** GIVEN DATA follows **

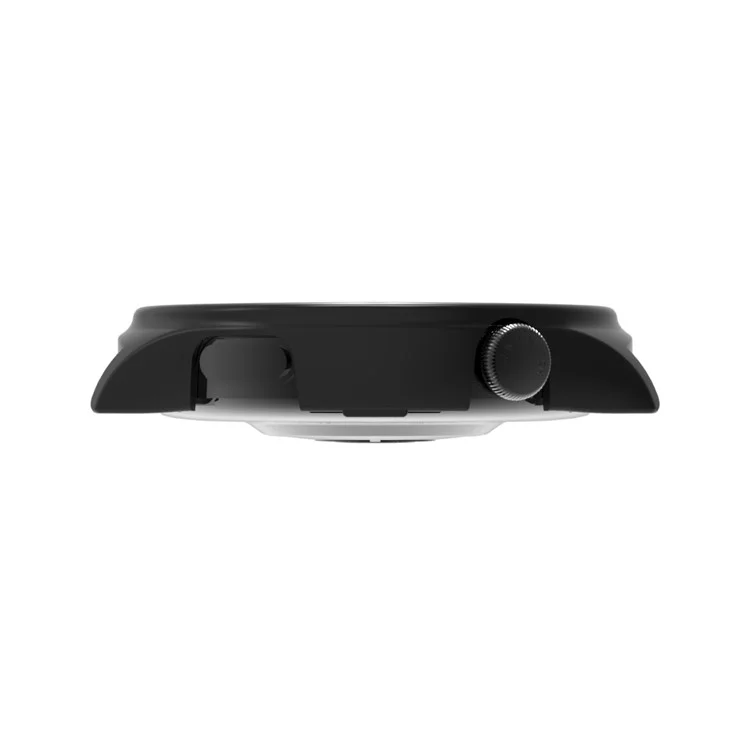 Pour Huawei Watch 4 - Étui de protection en PC dur + Protecteur d'écran en verre trempé HD - Transparent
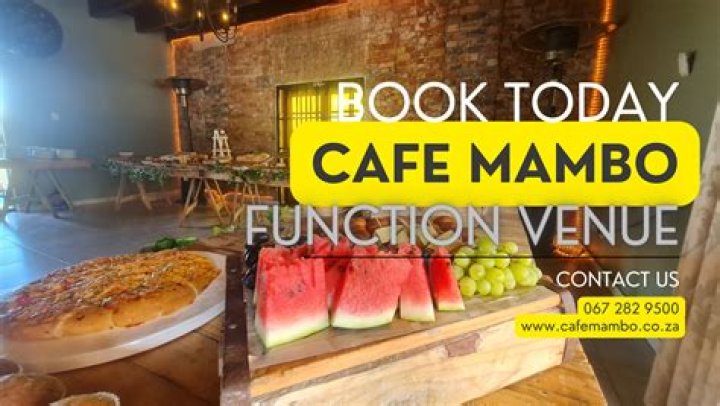 How much are drinks in Cafe Mambo?
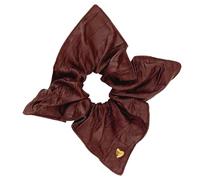 Premium PU Scrunchies, Large Ponytail Holder, 9.45x7.09 Inches Hair Accessories with Elastic Feature, Thick and Thin Hair Ties, Stylish Hairs Band with Sturdy, Women and Girls Hairs Care for Daily Use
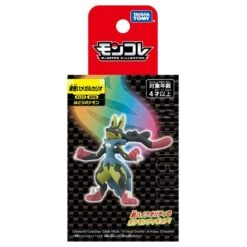 MONCOLLÉ Figure Shiny Mega Lucario(Moncolle Figure Shiny Mega Lucario) -ICHIBA TOYS SHOP moncolle figure shiny mega lucario figure takara tomy 104740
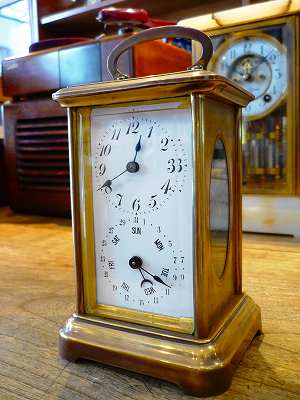 置時計 稼働品 枕時計 精工舎 古時計 ボンボン時計 ゼンマイ 昭和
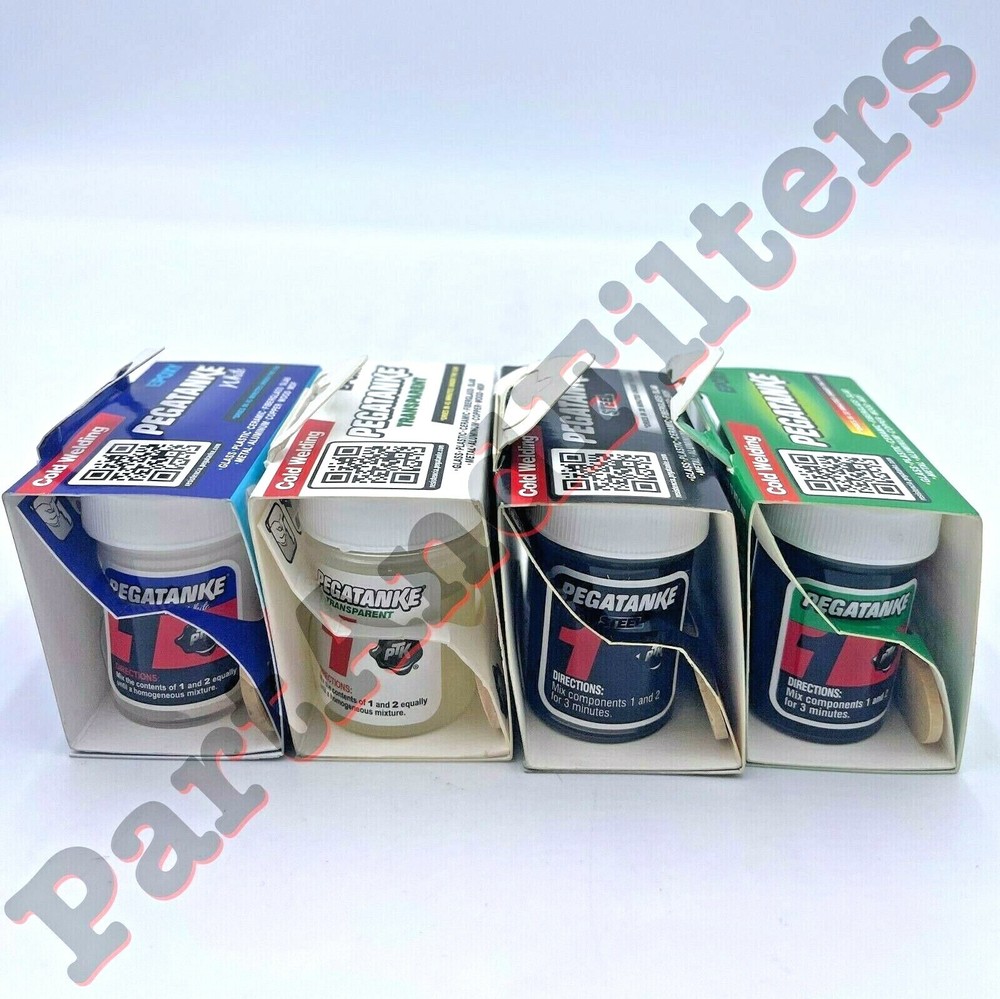 PegaTanke Cold Welding Epoxy Glue - Apply On Any Surface & Under Water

** End of GIVEN DATA **

## TASK DETAILS:
Would you please output only the lines from the start of the material above up to and including the line with "Premium PU Scrunchies, Large", exactly as they appear and without pictures?

## EXPECTED ANSWER:
 Pour Huawei Watch 4 - Étui de protection en PC dur + Protecteur d'écran en verre trempé HD - Transparent
 How much are drinks in Cafe Mambo?
 Premium PU Scrunchies, Large Ponytail Holder, 9.45x7.09 Inches Hair Accessories with Elastic Feature, Thick and Thin Hair Ties, Stylish Hairs Band with Sturdy, Women and Girls Hairs Care for Daily Use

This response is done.